The arboretum’s content strategy is twofold: use digital to attract visitors, and offline content to support the organization’s mission of protecting and appreciating the natural world.

Visual Storytelling the Digital Way

The Morton Arboretum creates awareness and engagement by sharing content across the digital world where its patrons share their own content, on social spaces ranging from Facebook to Instagram, thus demonstrating that if you want to attract an audience, you need to be present where they live and search for things to do.

And the arboretum speaks the language of its audience: imagery.
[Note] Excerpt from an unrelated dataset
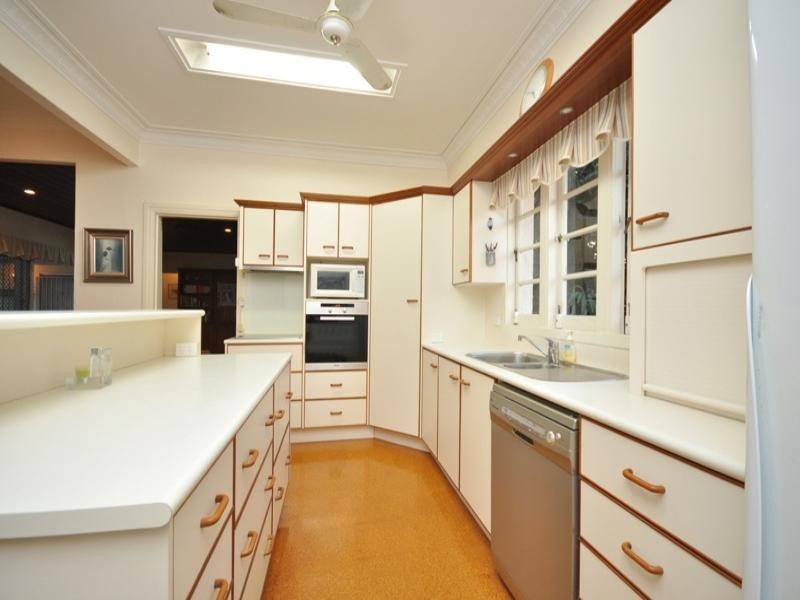 26 Sylvia Street, Camp Hill QLD 4152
For instance, in October and November, the arboretum’s Instagram account offered an explosion of fall colors enticing the Instagram community to experience the bright red leaves of a sour gum or a golden yellow cork tree. The arboretum’s growing Pinterest community takes advantage of Pinterest’s organizational tools, with images organized under boards ranging from Gardening Ideas to Winter Trees. On YouTube, the arboretum offers more immersive tours that give potential visitors a taste of what they’ll find if they stop by. For instance, the arboretum recently posted a video tour of Illuminations, during which the grounds come alive with a festive light show at night. But YouTube is also a learning destination, offering how-to videos on topics such as tree pruning and watering plants and trees.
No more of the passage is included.